Auch Arbeitnehmervertreter im Aufsichtsrat werden von Nr. 3 erfasst, da deren Tätigkeit im Aufsichtsrat nicht Ausfluss des Arbeitsverhältnisses ist.[10] Steht die Aufsichtsratstätigkeit bei anderen Arbeitnehmern, die in einen Aufsichtsrat entsandt werden, aber in einem engen Verhältnis zur Haupttätigkeit, gehört auch die Aufsichtsratsvergütung zu den Einkünften aus nichtselbstständiger Arbeit. Das ist insbesondere dann anzunehmen, wenn die Vergütung ganz oder teilweise an den Arbeitgeber abgeführt werden muss.[11] Wird ein Beamter von seinem Dienstherrn in einen Aufsichtsrat entsandt, stellen auch die ihm hierfür belassenen Vergütungen Einkünfte aus nichtselbstständiger Arbeit dar[12], da nicht die Interessen des Dienstherrn, sondern gesellschaftsrechtliche Kontrollaufgaben wahrgenommen werden sollen.

 

Rz. 102

Aufwendungen, die dem Aufsichtsratsmitglied im Zusammenhang mit dieser Tätigkeit entstehen (z. B. Reisekosten), sind Betriebsausgaben, bei einem Beamten Werbungskosten. Dies gilt auch für solche Aufwendungen, zu denen sich der Arbeitnehmer im Interesse des Betriebs oder der sozialen Belange der Betriebsangehörigen vor seiner Wahl zum Aufsichtsratsmitglied verpflichtet hat.[13] Repräsentationsaufwendungen sind jedoch nicht abzugsfähig.

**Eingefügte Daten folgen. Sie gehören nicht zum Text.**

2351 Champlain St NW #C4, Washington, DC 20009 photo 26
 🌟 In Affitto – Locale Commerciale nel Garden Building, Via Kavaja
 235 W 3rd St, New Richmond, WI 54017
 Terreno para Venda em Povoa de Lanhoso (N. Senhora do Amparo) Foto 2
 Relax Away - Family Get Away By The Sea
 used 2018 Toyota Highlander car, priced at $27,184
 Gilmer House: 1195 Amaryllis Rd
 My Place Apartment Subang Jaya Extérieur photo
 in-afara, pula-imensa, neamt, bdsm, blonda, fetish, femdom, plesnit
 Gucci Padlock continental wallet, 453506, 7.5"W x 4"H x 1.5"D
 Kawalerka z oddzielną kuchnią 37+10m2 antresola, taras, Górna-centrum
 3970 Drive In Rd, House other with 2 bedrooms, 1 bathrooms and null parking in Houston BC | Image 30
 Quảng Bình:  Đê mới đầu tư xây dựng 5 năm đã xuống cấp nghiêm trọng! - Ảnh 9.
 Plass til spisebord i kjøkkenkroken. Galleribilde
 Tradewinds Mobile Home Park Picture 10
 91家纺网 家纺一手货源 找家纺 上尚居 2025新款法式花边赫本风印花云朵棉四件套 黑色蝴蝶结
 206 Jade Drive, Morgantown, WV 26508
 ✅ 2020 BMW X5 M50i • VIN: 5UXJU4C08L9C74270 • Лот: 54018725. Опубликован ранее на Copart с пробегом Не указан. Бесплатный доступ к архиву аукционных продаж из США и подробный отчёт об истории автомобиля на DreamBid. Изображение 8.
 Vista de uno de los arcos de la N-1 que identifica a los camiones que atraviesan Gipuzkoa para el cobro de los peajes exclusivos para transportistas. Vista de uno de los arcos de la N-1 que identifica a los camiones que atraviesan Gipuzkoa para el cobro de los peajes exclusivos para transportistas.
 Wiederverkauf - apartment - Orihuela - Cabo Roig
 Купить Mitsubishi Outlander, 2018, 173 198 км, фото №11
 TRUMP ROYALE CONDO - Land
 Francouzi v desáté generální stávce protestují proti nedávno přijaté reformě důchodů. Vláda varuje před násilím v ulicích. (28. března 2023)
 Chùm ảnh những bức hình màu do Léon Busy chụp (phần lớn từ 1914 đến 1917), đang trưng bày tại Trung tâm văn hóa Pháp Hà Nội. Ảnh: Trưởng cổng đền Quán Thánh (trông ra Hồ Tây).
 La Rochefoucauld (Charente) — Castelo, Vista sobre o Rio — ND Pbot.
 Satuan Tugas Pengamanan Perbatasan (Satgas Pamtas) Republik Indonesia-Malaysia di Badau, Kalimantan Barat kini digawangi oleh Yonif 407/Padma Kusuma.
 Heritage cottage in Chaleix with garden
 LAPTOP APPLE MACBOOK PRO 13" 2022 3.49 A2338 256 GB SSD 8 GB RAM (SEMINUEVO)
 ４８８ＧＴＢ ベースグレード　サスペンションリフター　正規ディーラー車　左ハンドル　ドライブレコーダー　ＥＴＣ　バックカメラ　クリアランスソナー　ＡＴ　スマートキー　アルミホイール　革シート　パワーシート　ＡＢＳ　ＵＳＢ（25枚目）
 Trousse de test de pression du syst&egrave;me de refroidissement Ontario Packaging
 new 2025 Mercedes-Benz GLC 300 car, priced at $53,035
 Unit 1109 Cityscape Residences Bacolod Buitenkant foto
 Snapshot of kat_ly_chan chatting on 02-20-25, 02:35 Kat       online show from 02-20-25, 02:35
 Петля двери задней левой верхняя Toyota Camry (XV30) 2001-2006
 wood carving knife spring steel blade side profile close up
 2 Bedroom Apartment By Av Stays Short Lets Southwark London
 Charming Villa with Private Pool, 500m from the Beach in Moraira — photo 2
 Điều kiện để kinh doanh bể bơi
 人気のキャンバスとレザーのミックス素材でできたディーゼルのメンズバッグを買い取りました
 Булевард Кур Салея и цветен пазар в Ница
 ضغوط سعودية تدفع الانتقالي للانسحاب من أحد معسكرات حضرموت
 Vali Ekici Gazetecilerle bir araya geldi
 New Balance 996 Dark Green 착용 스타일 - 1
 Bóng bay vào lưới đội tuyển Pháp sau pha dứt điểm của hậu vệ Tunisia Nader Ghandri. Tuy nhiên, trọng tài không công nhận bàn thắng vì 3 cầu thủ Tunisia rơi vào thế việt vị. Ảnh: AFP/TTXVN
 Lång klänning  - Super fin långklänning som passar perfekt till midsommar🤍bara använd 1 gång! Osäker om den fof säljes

[2] Brandt, in H/H/R, EStG/KStG, § 18 EStG Rz. 266.
[5] Holle/Schwarz, AG 2024, 17ff.
[8] BFH v. 9.4.2013, VIII R 19/11, BFH/NV 2013, 1473 zur Teilnahme an Aktienoptionsprämien; Neufang/Schäfer, StB 2022, 128.
[9] OFD Magdeburg v. 11.12.2007, S 2248-15-St 113 V.
[11] OFD Frankfurt/M. v. 23.9.2013, S 2337 A-26-St 211.
[12] BFH v. 15.3.1957, VI 84/55 U, BStBl III 1957, 226; str.; a. A. Niedersächsisches FG v. 8.9.1994, V 63/91, EFG 1994, 1119; Valta, in Brandis/Heuermann, Ertragsteuerrecht, § 18 EStG Rz. 181; Wacker, in Schmidt, EStG, 2023, § 18 EStG Rz. 152.